▶ [REQUIRED WORK]:
Without any pictures, the records below should be reproduced exactly.

——

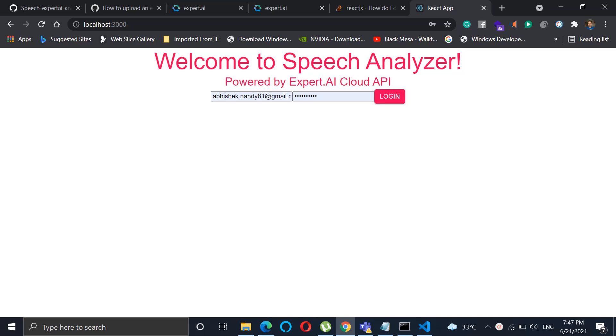Welcome, this is our entry for expert.ai challenge. We have built a speech analyzer using the expert.ai cloud API, and it does live analysis of how you speak. This can be easily integrated with Meet and other applications.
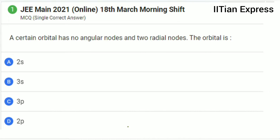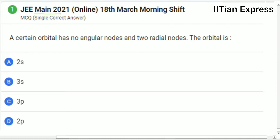Hello everyone, how are you all. Today again we are having a question from JEE Mains 2021 paper and this is a single correct answer type question. So this question reads: a certain orbital has no angular nodes and two radial nodes.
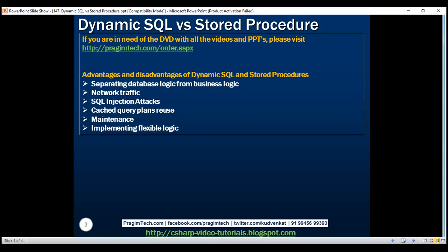Maintenance. With static SQL in a stored procedure, a syntax error is reported immediately. So ease of writing is definitely one of the benefits of using a stored procedure. On the other hand, if you have dynamic SQL in the stored procedure and there is a syntax error, you wouldn't know it until you run it.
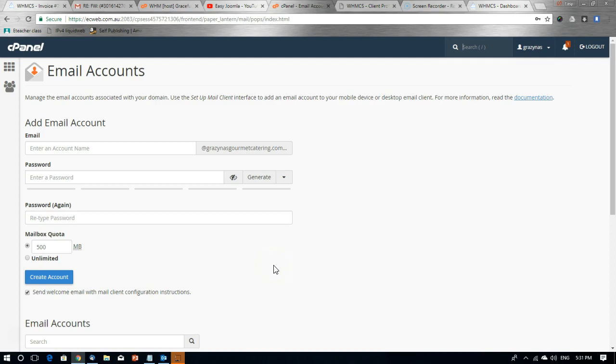Hi. In this video we're going to show you how to set up cPanel based email in Outlook 2016.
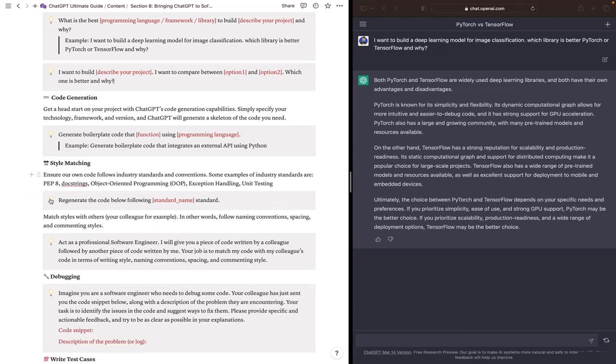All you need to do is ask ChatGPT to regenerate the code using a specific standard. And after that, you need to paste your code.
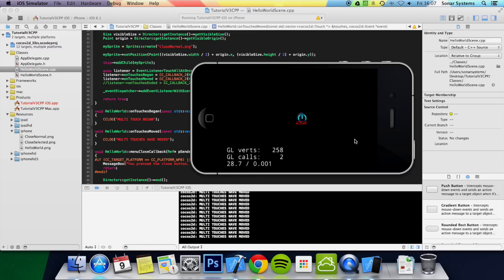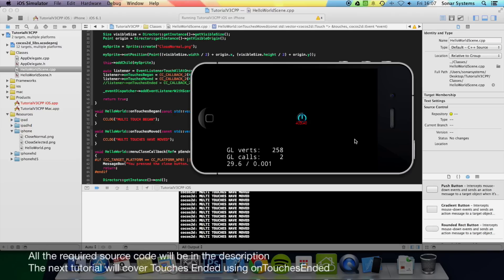The next tutorial we're going to cover touches ended for multi-touch. If you have any questions feel free to message us at support@sonorsystem.co.uk — the email will be in the description — or you can comment or directly message us via YouTube. The source code link will also be in the description. As usual, thanks for watching and have a nice day.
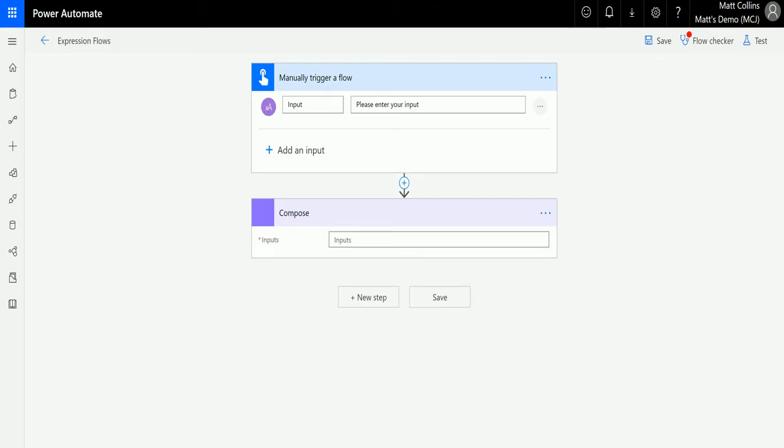What's up guys, it's Matt Collins Jones here also known as the D365 Geek and today I'm talking about Power Automate, I'm talking about expressions and I'm going to talk about the index of expression in Microsoft Flow or Power Automate, I'm still getting used to that.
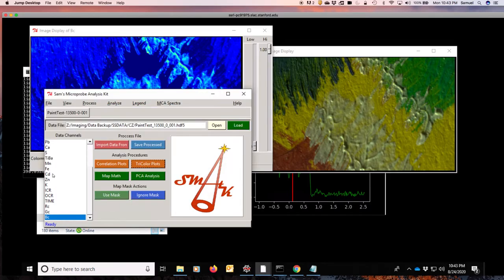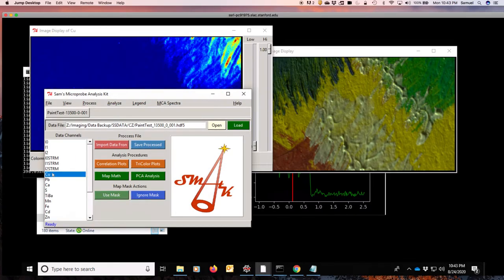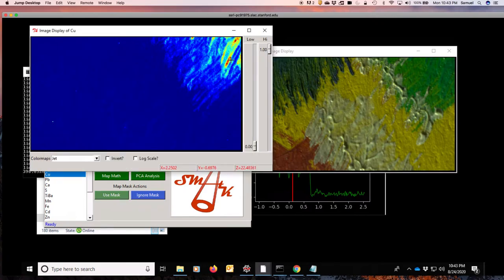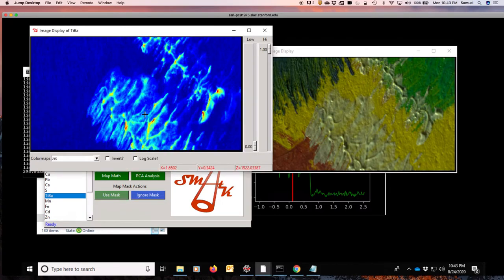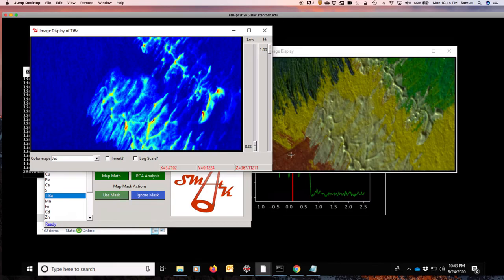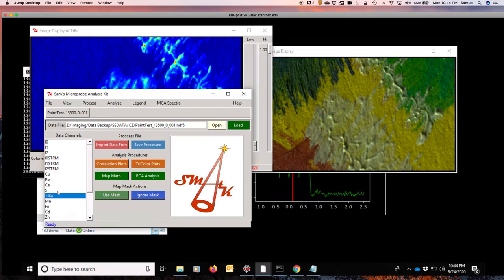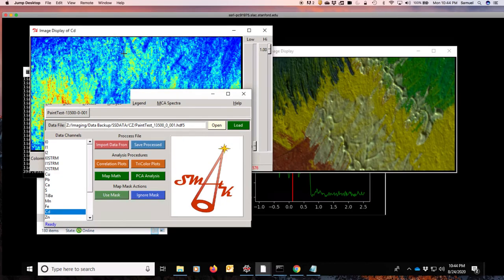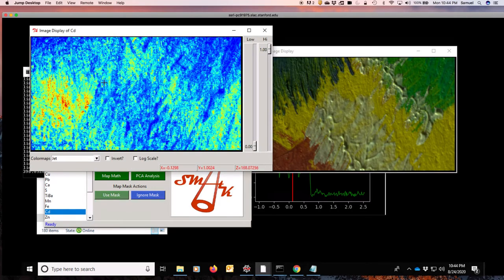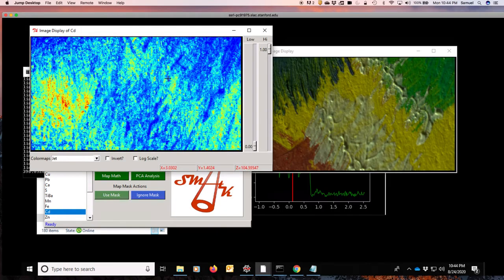So we look at the copper distribution, which matches very well with the green section of paint over here. The titanium bits here match very well with the white bits of paint right there. The red here was an organic lake compound, so it does not have a good compositional signature in the transition metals. And the cadmium there shows up here in these little bits in between in the yellows, cadmium yellow.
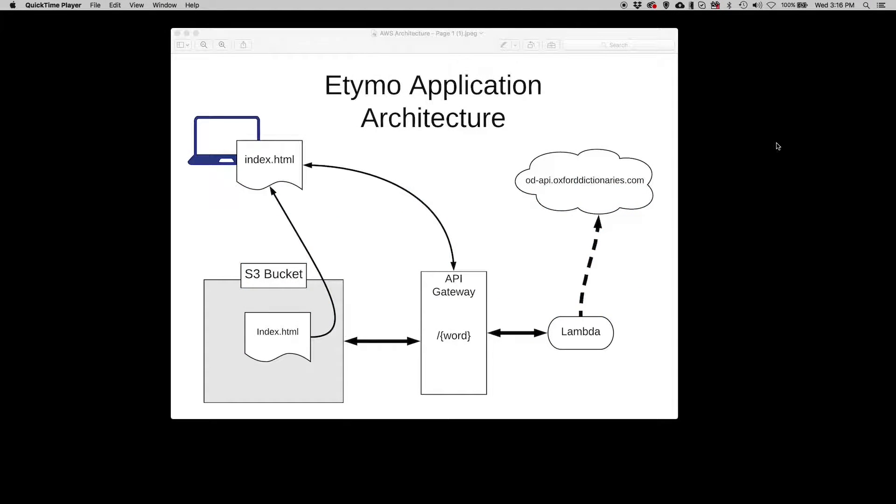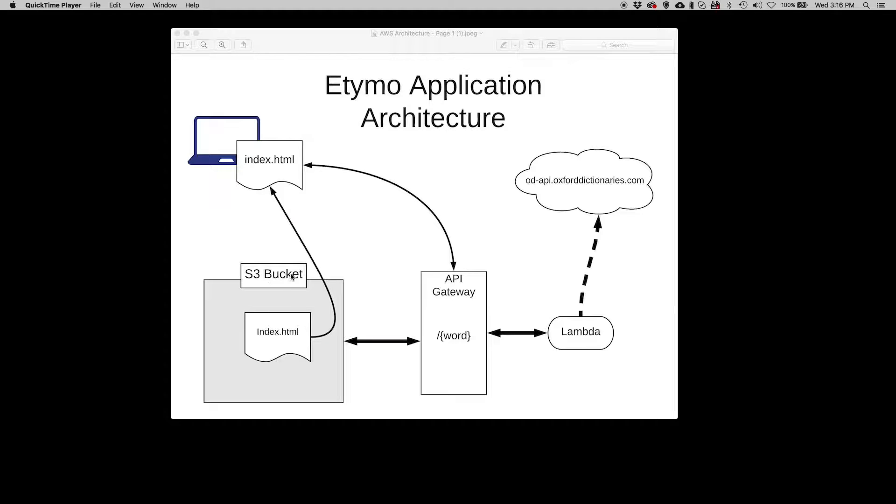The purpose of the application is to get the etymology of a word based on the word that's passed into the web service. The way that the application works is we have a static web page in an S3 bucket on AWS, and that S3 bucket serves as a web server.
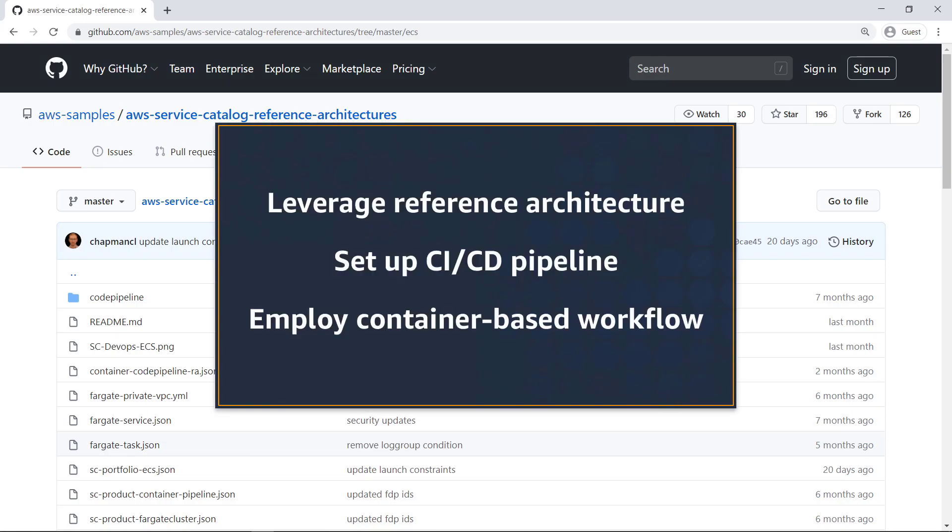In this video, you'll see how to create a continuous deployment pipeline using AWS Service Catalog products for CodePipeline and Amazon Elastic Container Service, or Amazon ECS.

——

▶ [EXPECTED ANSWER]:
Welcome, this is our entry for expert.ai challenge. We have built a speech analyzer using the expert.ai cloud API, and it does live analysis of how you speak. This can be easily integrated with Meet and other applications.
Hello everyone, how are you all. Today again we are having a question from JEE Mains 2021 paper and this is a single correct answer type question. So this question reads: a certain orbital has no angular nodes and two radial nodes.
Maintenance. With static SQL in a stored procedure, a syntax error is reported immediately. So ease of writing is definitely one of the benefits of using a stored procedure. On the other hand, if you have dynamic SQL in the stored procedure and there is a syntax error, you wouldn't know it until you run it.
Hi. In this video we're going to show you how to set up cPanel based email in Outlook 2016.
All you need to do is ask ChatGPT to regenerate the code using a specific standard. And after that, you need to paste your code.
The next tutorial we're going to cover touches ended for multi-touch. If you have any questions feel free to message us at support@sonorsystem.co.uk — the email will be in the description — or you can comment or directly message us via YouTube. The source code link will also be in the description. As usual, thanks for watching and have a nice day.
What's up guys, it's Matt Collins Jones here also known as the D365 Geek and today I'm talking about Power Automate, I'm talking about expressions and I'm going to talk about the index of expression in Microsoft Flow or Power Automate, I'm still getting used to that.
So we look at the copper distribution, which matches very well with the green section of paint over here. The titanium bits here match very well with the white bits of paint right there. The red here was an organic lake compound, so it does not have a good compositional signature in the transition metals. And the cadmium there shows up here in these little bits in between in the yellows, cadmium yellow.
The purpose of the application is to get the etymology of a word based on the word that's passed into the web service. The way that the application works is we have a static web page in an S3 bucket on AWS, and that S3 bucket serves as a web server.
In this video, you'll see how to create a continuous deployment pipeline using AWS Service Catalog products for CodePipeline and Amazon Elastic Container Service, or Amazon ECS.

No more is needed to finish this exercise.